Von François Huwiler

Die Antwort lautet klar und deutlich: nicht nur.

Mit dem Alterungsprozess geht bis auf wenige löbliche Ausnahmen naturgemäss auch die Sehkraft salopp gesprochen in die Binsen. Im vorliegenden Falle nahm die Myopie immer «klarere» Züge an. Während der Woche mutierten die Bildschirme zu nasalen Touchscreens bis die Augen zündrot glühten und sich ein angenehmes Kopfweh einnistete. Auf den Gehwegen wurden offensichtlich bekannte Individuen mit grösster Bestimmtheit namentlich angesprochen oder gar mittels Hebens des gesamten Oberarms euphorisch gegrüsst , welche sich bei näherer Betrachtung als wildfremde Menschen herausstellten. Es ist müssig, die darauffolgenden Reaktionen und Blicke zu interpretieren. Deshalb wurden diese «experimentellen» Begegnungen zur allgemeinen Entwarnung tunlichst eingestellt. Jetzt wird man dafür als Misanthrop bezeichnet, aber was soll's; man kann's bekanntlich nicht allen Recht machen.

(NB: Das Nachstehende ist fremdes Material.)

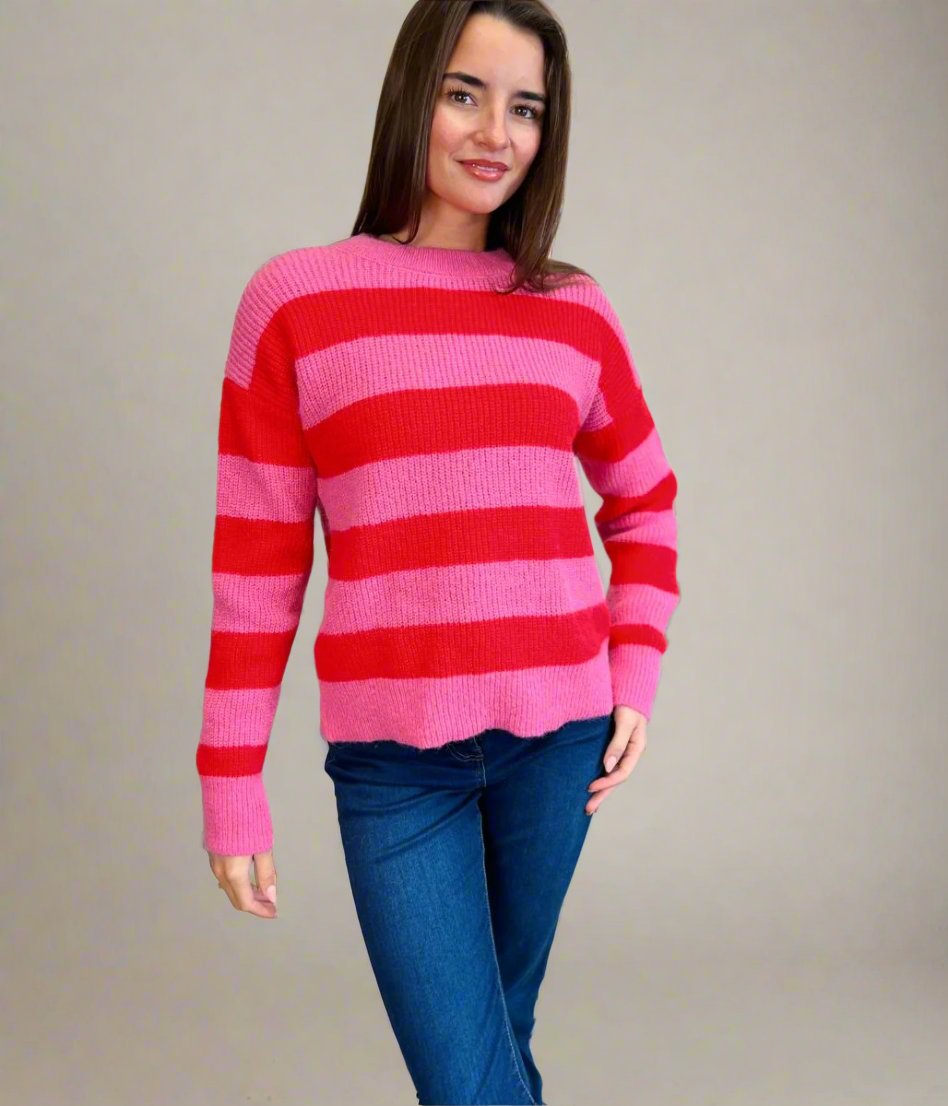 womens pink and red striped jumper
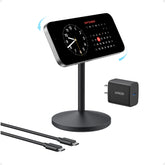 Anker MagGo frontal mostrando el soporte y la base, carga estable y diseño compacto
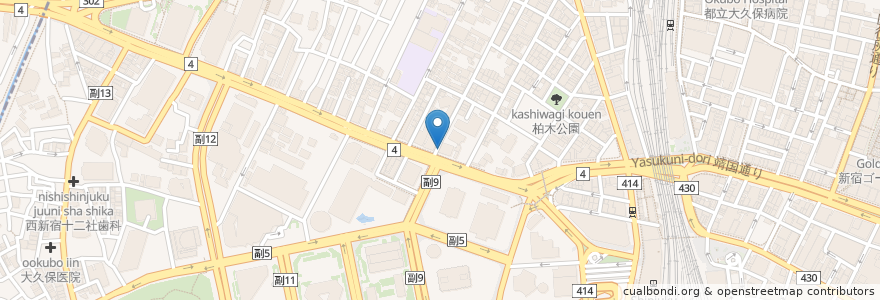 Mapa de ubicacion de 土風炉 en 日本, 東京都, 新宿区.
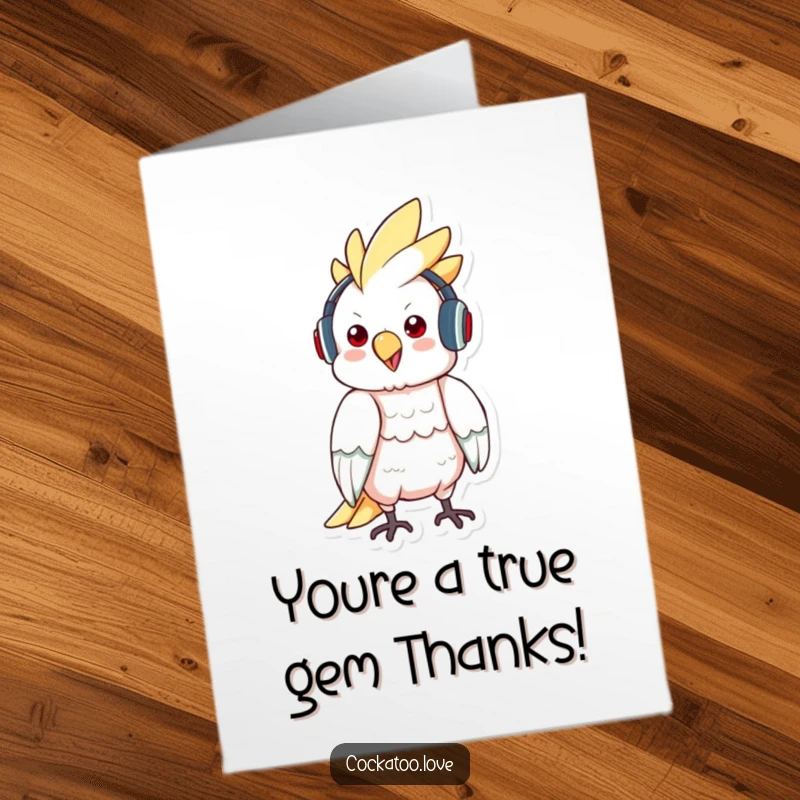 Funny Free Printable Thank You Card with a cockatoo wearing headphones, bopping to music as a sign of thanks.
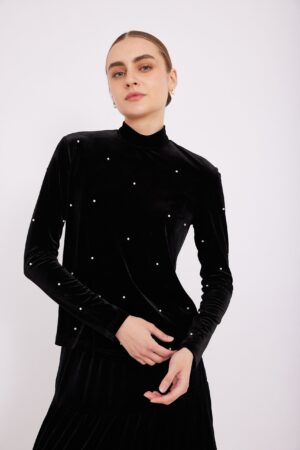 חולצת קטיפה פנינים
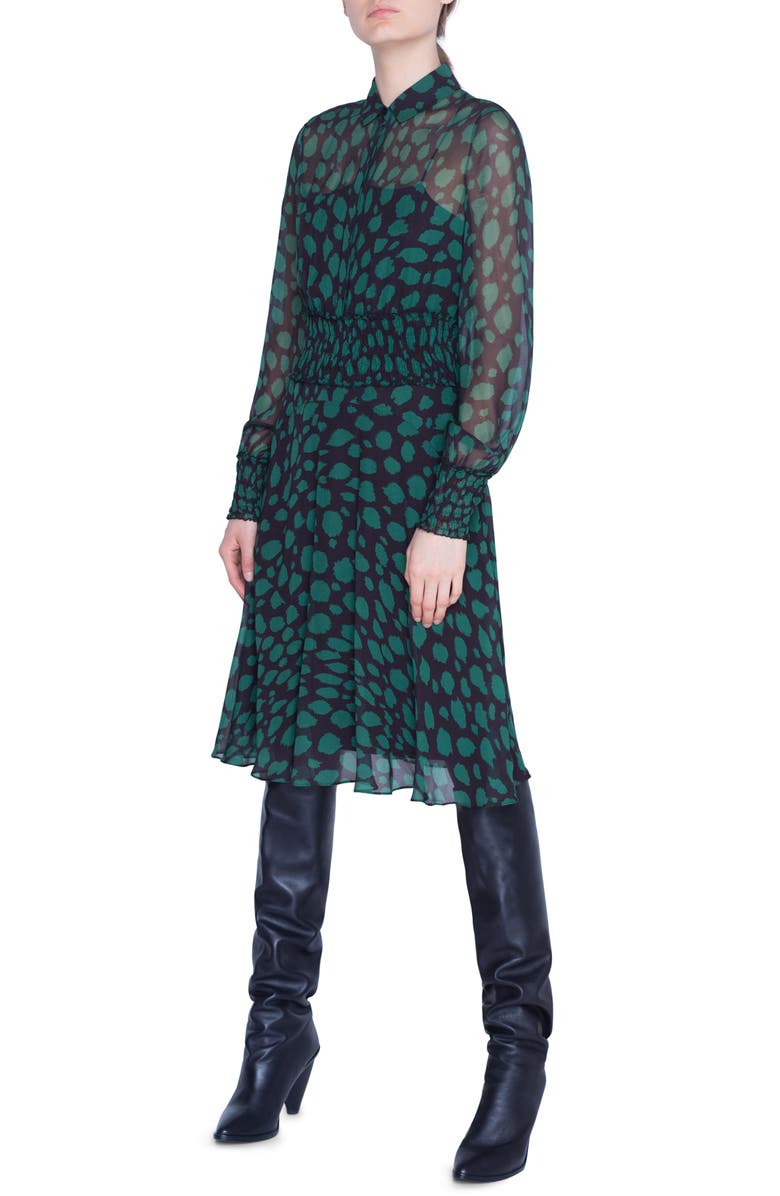 Akris punto Animal Dot Print Long Sleeve Dress, Alternate, color, 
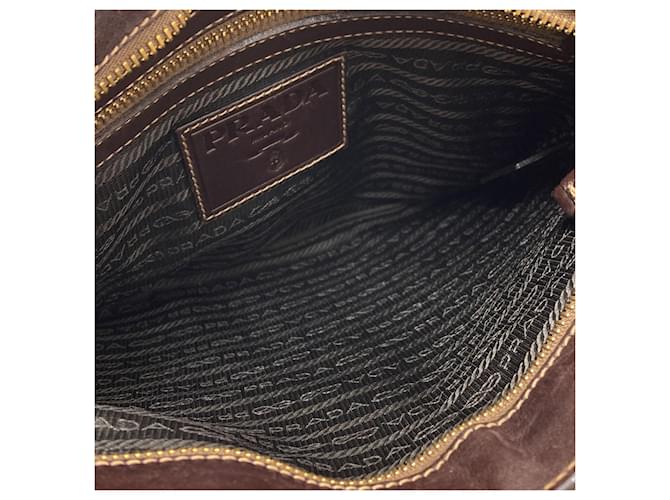 Borsa a Spalla Prada Logo Marrone scuro - vista 5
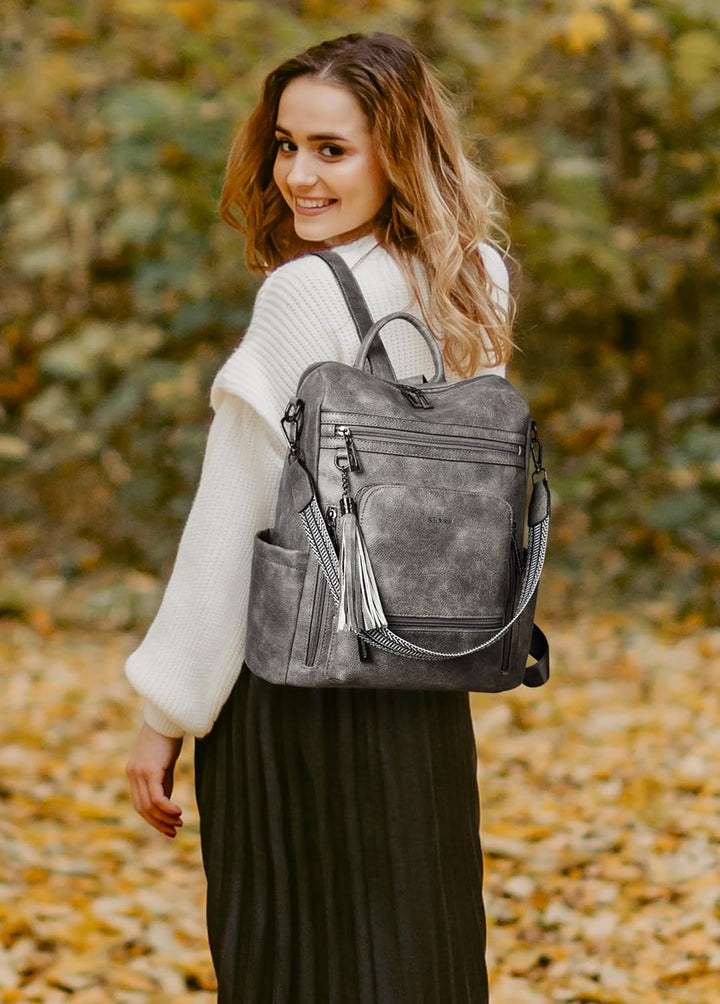 Shrrie Mochila de cuero vegano para computadora portátil para mujer...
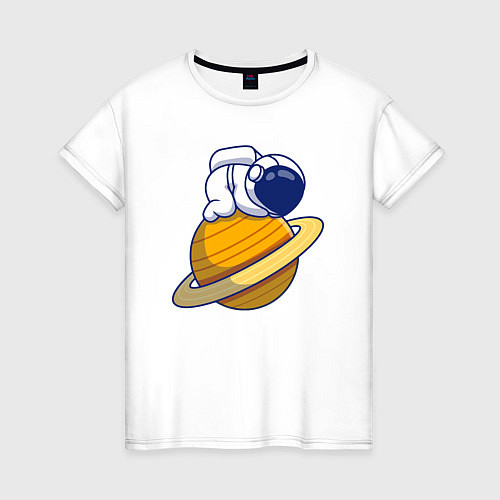Женская футболка Космонавт на Сатурне / Белый – фото 1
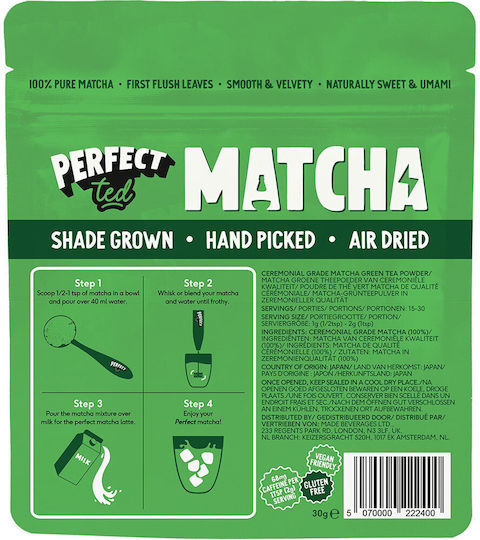 Perfect Ted Matcha Τσάι Βιολογικό Προϊόν 30 Φακελάκια 30gr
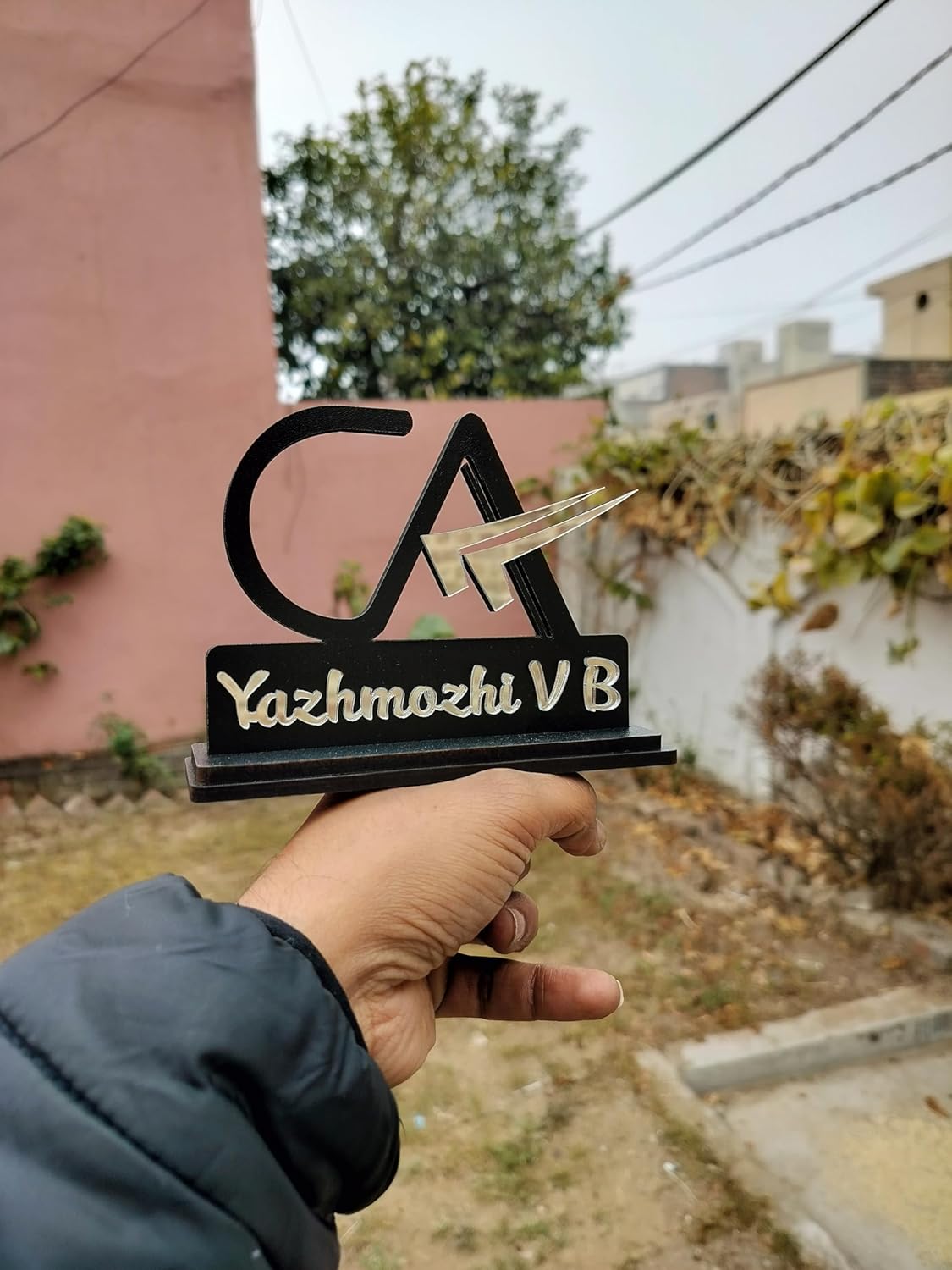 CA (Chartered Accountant) with Logo - Desk Name Plate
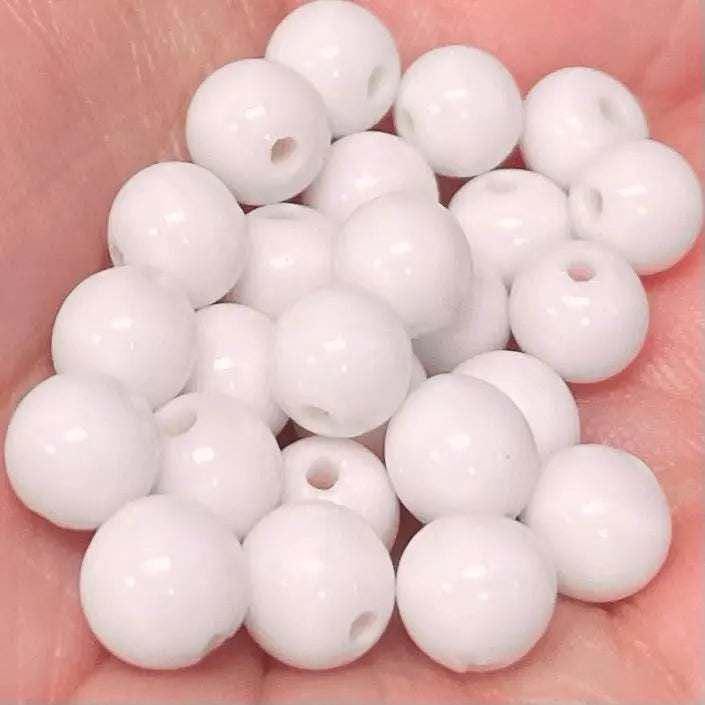 25 Vintage Pink Light Japan Round Glass Beads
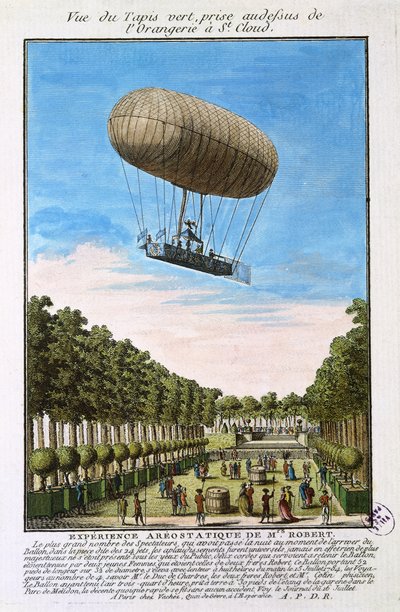 Robert-luftskibet over Saint Cloud, Paris, 15. juli 1784 af French School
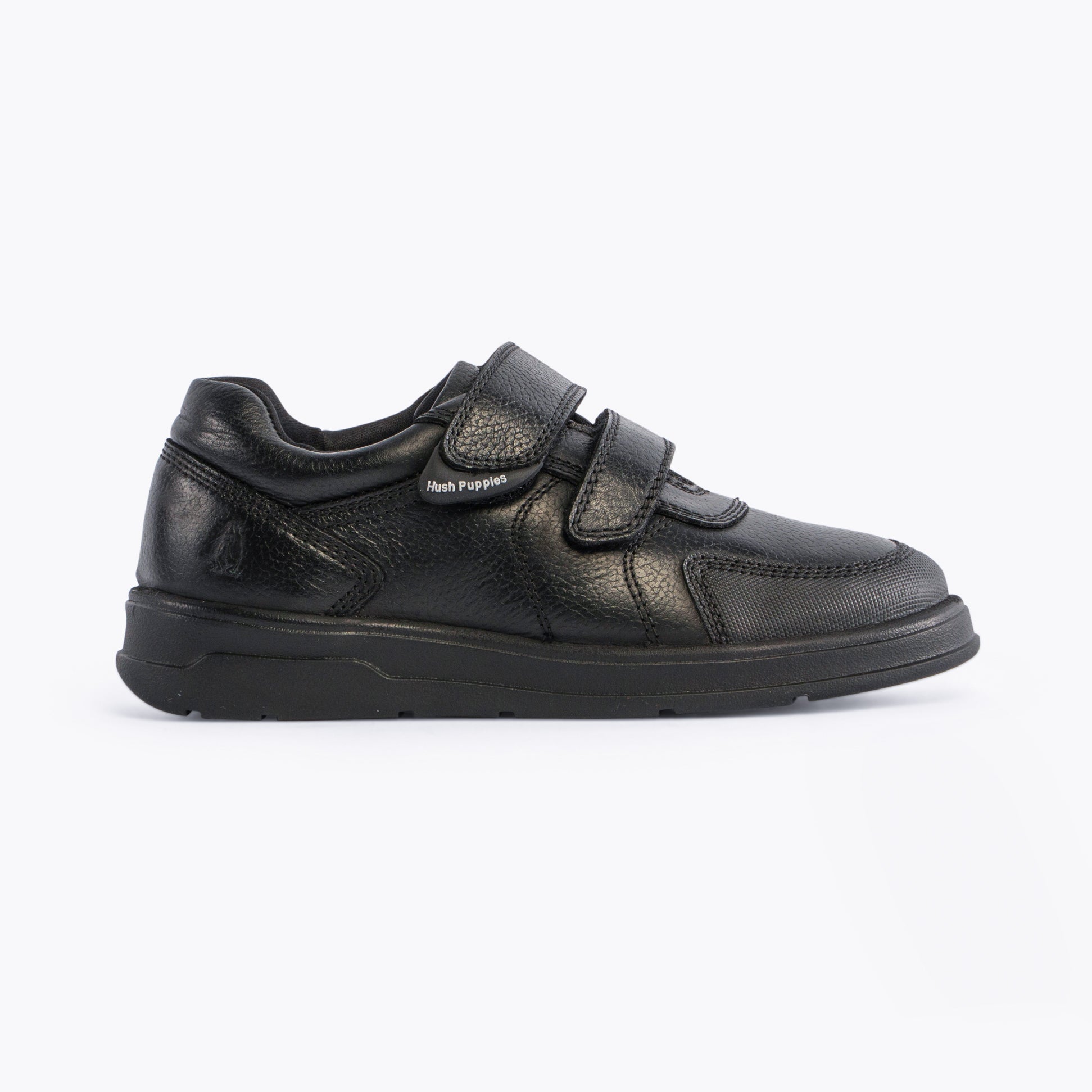 Hush Puppies RYAN Boys Leather School Shoes Black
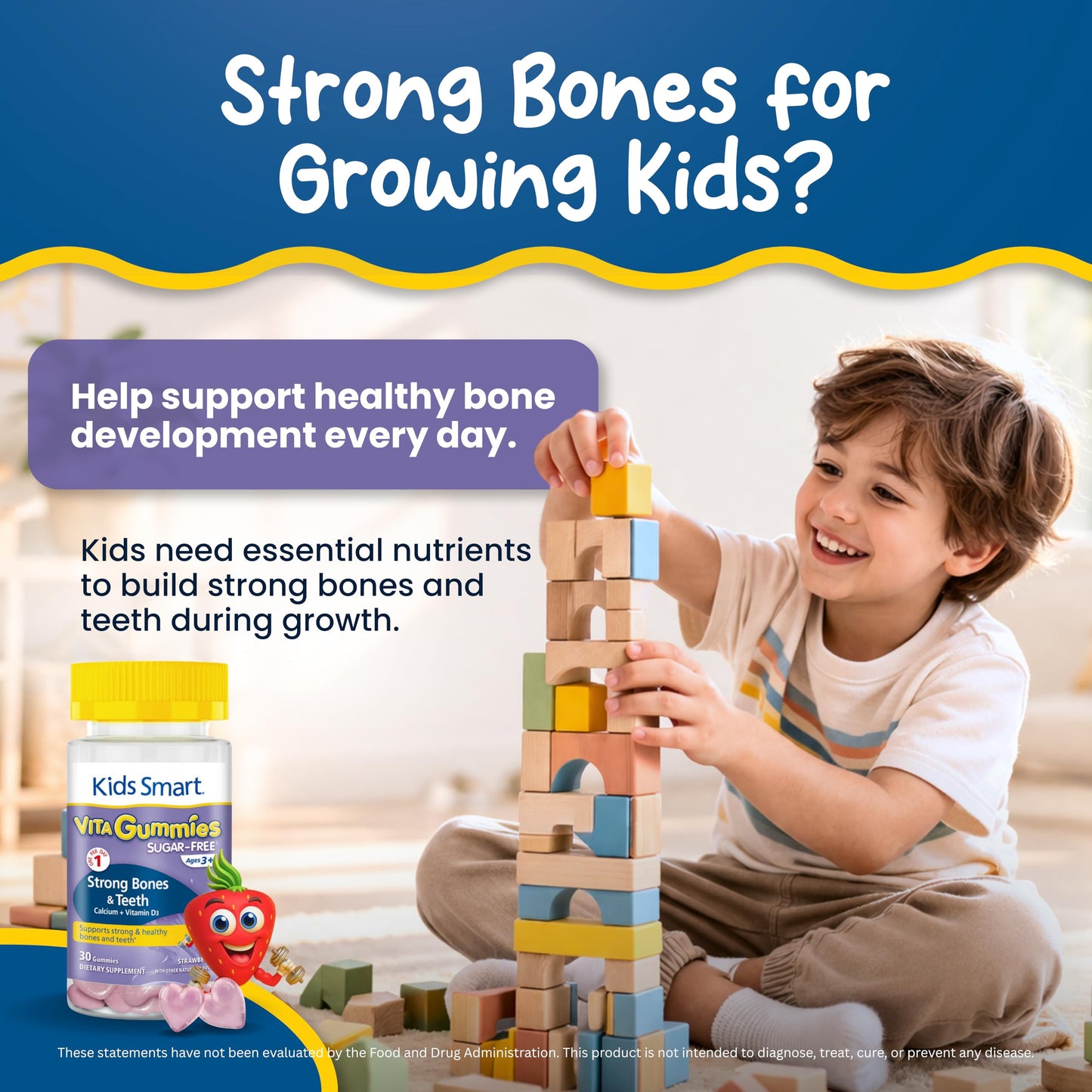 KIDS SMART Strong Bones Calcium + D3 Gummy, Bone & Teeth Support, Kids 3+, 30 Count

Als durchaus gewagt darf auch das diagonale Überqueren des Paradeplatzes zur Mittagsstunde bezeichnet werden; da schiessen dem Kurzsichtigen auf leisen Fahrradreifen die «ich-bin-auch-ein-Tram»-VelofahrerInnen um die Bundfalten, dass nur durch mutiges Eingreifen des Gesprächspartners Schlimmeres vermieden werden kann.

Gott behüte, Panik streuen und somit andere Verkehrsteilnehmer von der Strasse abzuhalten wäre völlig am Ziel vorbeigeschossen. Aber der Umstand, dass seit geraumer Zeit auch die chauffierten Familienmitglieder bei der richtigen Streckenwahl einbezogen werden müssen ist – gelinde formuliert - gewöhnungsbedürftig. Andererseits verursacht das angestrengte Zusammenkneifen der Sehorgane Ermüdungserscheinungen, das Vorrücken an die Windschutzscheibe Nackenschmerzen. Äusserst spannend um nicht zu sagen abenteuerlich gestaltet sich das Ganze bei einbrechender Dunkelheit, aber auch regnerisches Wetter macht das Abzweigen zum richtigen Zeitpunkt zur Lotterie.

Aufgrund obenerwähnten, nicht gänzlich risikofreien Situationen und weil auch während zahlreicher Besuche des Stadtzürcher Lieblingsfussballvereins permanent die Copains bemüht werden mussten, wer denn nun von «uns» der ballführende Spieler sei......wurde in einem raffinierten, langwierigen Entscheidungsprozess ein absolutes high-end Varilux-Brillengestell mit allen Schikanen erworben – welches bis anhin jedoch lediglich dem Arbeitgeber zu Gute kommt!